In Alamo, California, where I come from, people thought of community college as an orphanage for children over 18, in the sense that it was for kids who had nowhere else to go. Everyone was expected to go to a prestigious university immediately after high school. There was a presumption of chaos since this place supposedly contained all of the kids who used to be in detention. Yet after attending a top university for 3 years, I was waiting in the long, slow registration line of Diablo Valley Community College.

I decided to stay home in California for my last collegiate summer rather than swelter in Washingtonian humidity. The fees of the course were 2 percent of the fees for a Georgetown summer class, and I figured my community college instructor could educate me at least 2 percent as well as a Georgetown educator. The decision was easy, and I looked forward to a different college experience.

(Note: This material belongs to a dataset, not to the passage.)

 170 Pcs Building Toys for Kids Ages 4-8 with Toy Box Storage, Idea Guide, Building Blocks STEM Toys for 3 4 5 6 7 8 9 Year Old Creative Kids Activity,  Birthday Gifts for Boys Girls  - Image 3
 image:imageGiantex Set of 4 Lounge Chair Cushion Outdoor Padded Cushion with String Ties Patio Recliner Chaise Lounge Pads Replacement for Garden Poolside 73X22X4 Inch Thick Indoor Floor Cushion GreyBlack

Chris Rock compared community college to a sketchy disco with books. “They be letting all kinds of people in: crack heads, prostitutes, drug dealers, come on in!” While one student in my French class offered to sell me Vicodin when I told him I wasn’t sleeping well, the majority of the class was a diverse group of law-abiding citizens. One of my classmates told the class that he was an aspiring rapper focusing on “Hyphy” (pronounced HI-fee) loud, high-energy style of hip-hop which is popular in the San Francisco Bay Area. Another was a very pregnant hair-dresser who was taking the class in order to stay on her mother’s health insurance as a part-time student. An older homosexual couple enrolled in the class in preparation for an anniversary trip to Paris. On the other side of the age spectrum was Max, who at 13 was being forced by his parents to take 2 college-level classes in order to be ahead of the other kids in his grade.

In contrast to the colorful nature of the class, the professor was a very conventional French teacher. Elegantly thin and always poised, she spoke with a gentle whimsicality that would turn to restrained frustration whenever someone struggled with a conjugation for too long. While I never learned any information regarding her professional background, she was clearly comfortable when lecturing on grammar or answering most questions on Francophone culture. Her only glaring flaw was her cigarette habit, but even that added a sense of authenticity to the class.

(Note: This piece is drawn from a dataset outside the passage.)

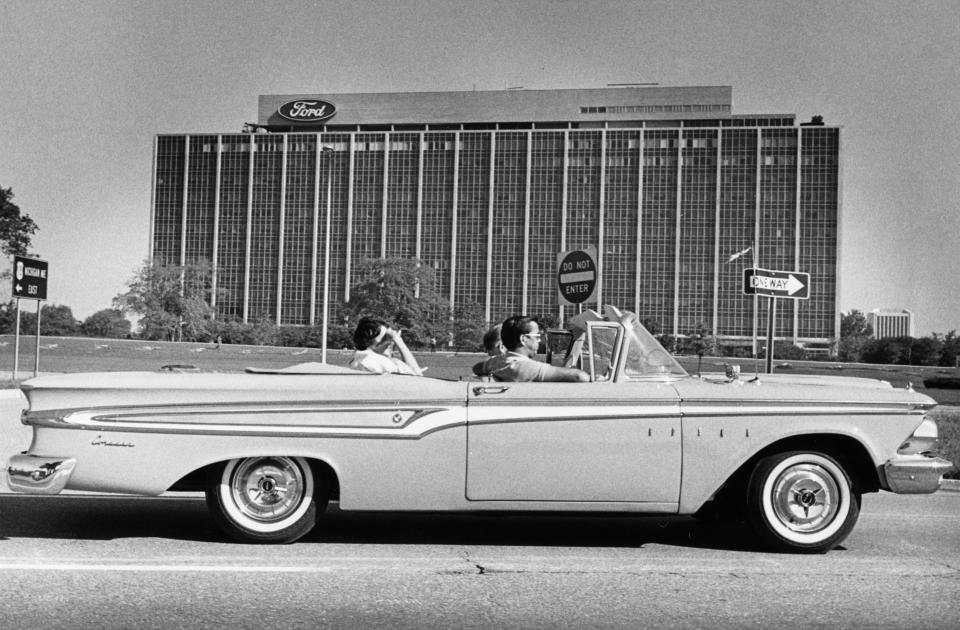 An Edsel cruises by Ford World Headquarters in August 1977. Ford discontinued the Edsel in 1960.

Despite the class’s apparent diversity, everyone agreed that they enjoyed the teacher and the class in general. I had heard that the atmosphere of a community college class is similar to high school, but none of the students shouted from the back of the room or drew penises on the wall. Everyone appeared to be fairly content and comfortable during each class. We all agreed that 4 hours of listening to the nasal language gave us minor migraines, but we didn’t blame the professor or the class itself for that.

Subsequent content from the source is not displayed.